From the recruiter’s perspective

Sam Tripuraneni’s presentation, at our latest symposium, did exude an effortless charm we would all like to demonstrate in an interview. However, he warned us vehemently against donning a cock-sure attitude, the kind that officers can sometimes be guilty of.

As he put it, he has been ‘disappointed, frustrated and downright shocked by what some people say and do in interviews’, but assured us he has committed all the mistakes he was about to lampoon us for, having come from the Services himself.

So, please pay heed to this advice from a seasoned and professional recruiter – and let us know if you think we’ve missed anything!

  • Have humility. It’s ok to be proud of what you’ve achieved in the military but remember that a lot of the skills you have from your time there will go over the heads of some HR professionals, who may only see ‘a psycho with a gun.’ Don’t feed the stereotype – demonstrate how your skills apply to the job description, not just what you think is great.
  • Show yourself to be adaptable to the environment you’re about to step into. Again, do not fulfill the preconception of officers as stuffy, polished types that ‘dress like my dad’. Defie the stereotypes of the institutionalised, public school, privileged toff that a lot of people will expect. Get an idea of the dress code of the organisation you want to work for – lose any braces or red socks you may be tempted to wear!
  • Lower your salary expectations. It’s really important here to work out your priorities in life – do you want to enjoy or endure it? If you go in on an extremely high salary the organisation will normally expect their pound of flesh and ultimately, you will not have had the chance to build up your knowledge or experience. Start lower, surf the learning curve and you’ll be better off in the long run.
  • Do not reference your ‘friend who had a friend who got an amazingly high-powered, well paid job..’ – this is the bane of almost every recruiter’s life! There will always be people who have stepped straight out of the Services into a fantastically-paid job but these cases are fairly rare, and what’s ‘right’ for one individual may not be right for you. Rather than feeling pressurised by what your peers are up to, focus on the path most likely to keep you happy and fulfilled.
  • Reassure any interviewer that you don’t want to take over. Organisations often fear this will be the consequence of employing former-military, so demonstrate your core-management and leadership skills instead, don’t be pushy or overbearing.
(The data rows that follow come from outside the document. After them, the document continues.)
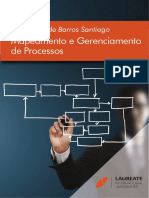 Mapeamento e Gerenciamento de Processos 1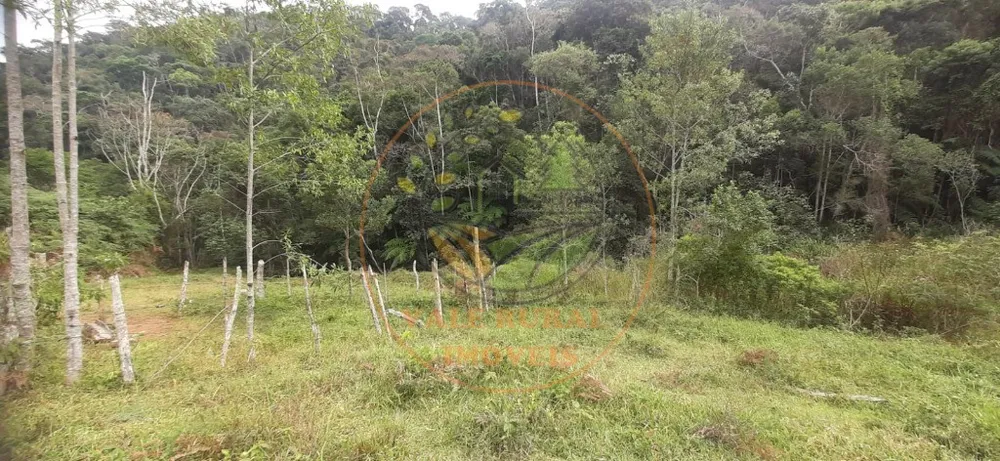 Fazenda - Foto 6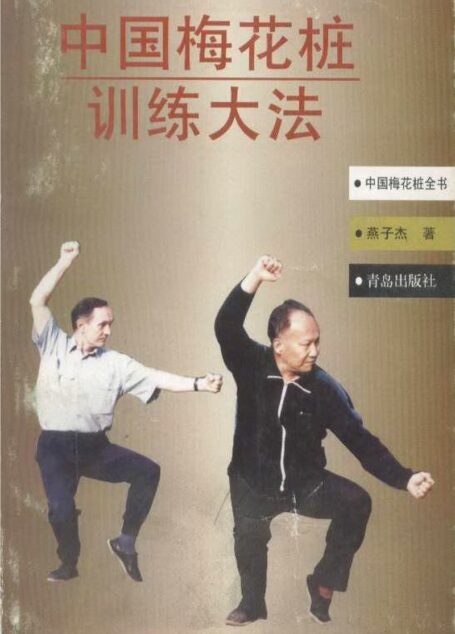 中国梅花桩训练大法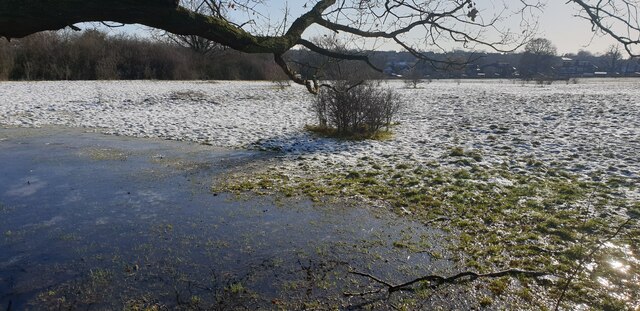 Frozen Water on Field, Enfield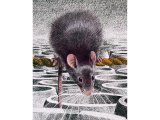 Illustration of Rat (Black) Rattus rattus (#0574)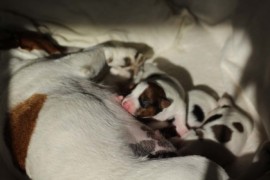 Afro Amy JAcks4You, Amber Crown Quantum Break, Jack Russell Terrier (43)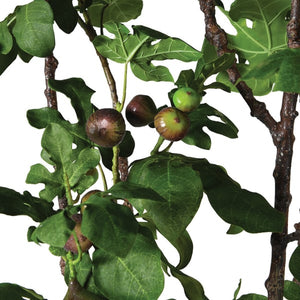 Fig Plant in Black Pot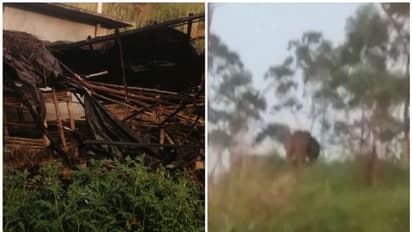 ഇടുക്കിയിൽ വീണ്ടും കാട്ടാന അക്രമണം; വീടിന്‍റെ കതകും ഷെഡും തകർത്തു, ചക്കക്കൊമ്പനെന്ന് സംശയം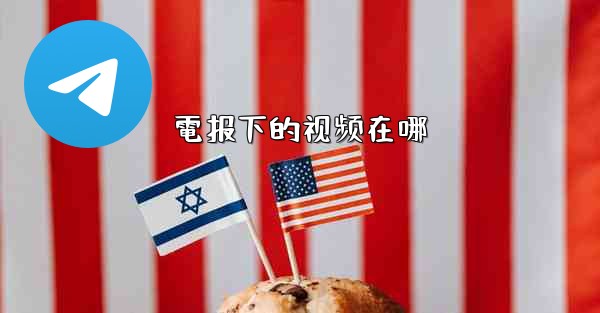 電报下的视频在哪
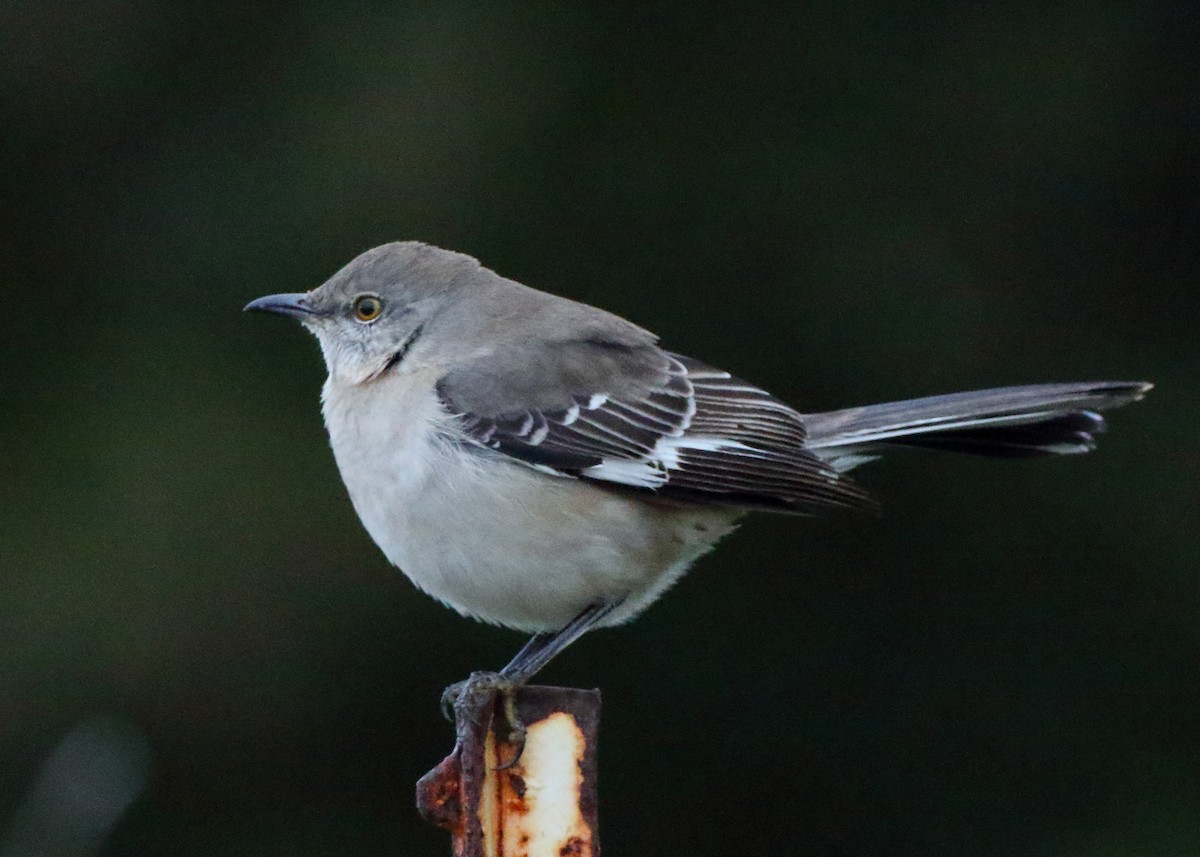 Northern Mockingbird - Kent Leland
Despite this, do remember that your emotional intelligence and people skills are some of the main reasons organisations are keen to employ former-military – you have the ability to talk to senior people, with gravitas and confidence. Employ this skill when in an interview – turn it into a conversation and get them talking, remember that this is your chance to find something out about them too.

Sam Tripuraneni is Director of Strategy and Development at add-victor and served in the 9th/12th Lancers.